- _Supplied material_
*** Begin section ***

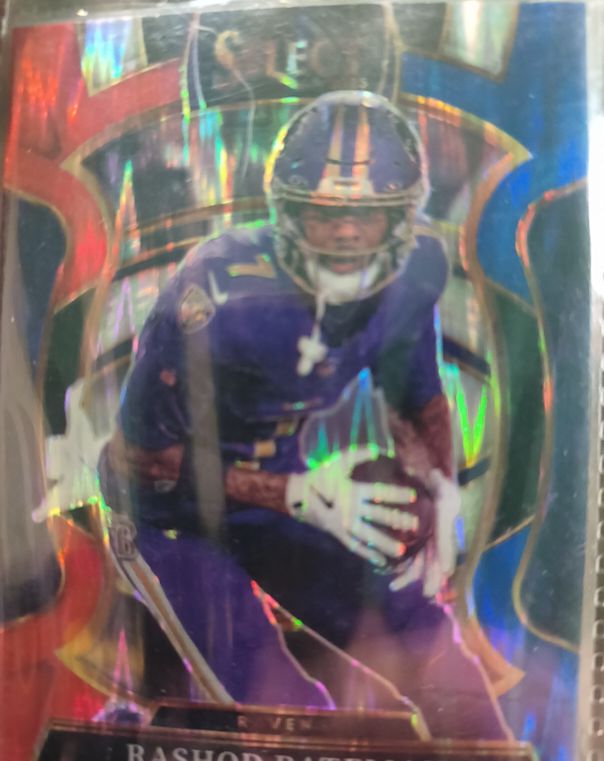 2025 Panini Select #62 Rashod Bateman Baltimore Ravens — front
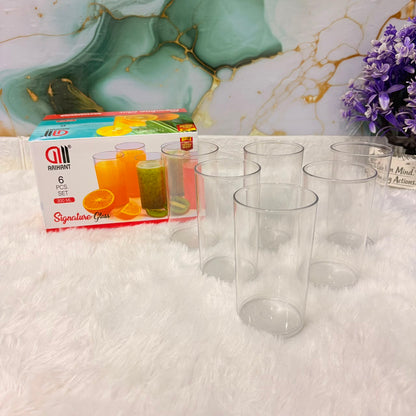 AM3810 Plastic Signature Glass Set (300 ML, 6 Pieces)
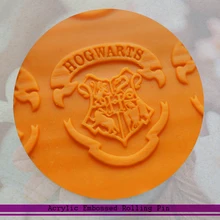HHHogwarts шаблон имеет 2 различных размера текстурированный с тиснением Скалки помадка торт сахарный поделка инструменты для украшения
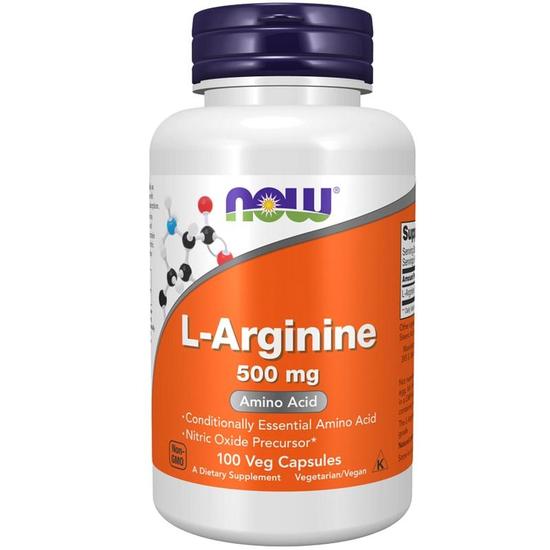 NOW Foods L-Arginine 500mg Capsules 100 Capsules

*** End section ***

- _What you should do_
Repeat the listing in full and to the letter, excluding every image.

- _Solved problem_
 2025 Panini Select #62 Rashod Bateman Baltimore Ravens — front
 AM3810 Plastic Signature Glass Set (300 ML, 6 Pieces)
HHHogwarts шаблон имеет 2 различных размера текстурированный с тиснением Скалки помадка торт сахарный поделка инструменты для украшения
 NOW Foods L-Arginine 500mg Capsules 100 Capsules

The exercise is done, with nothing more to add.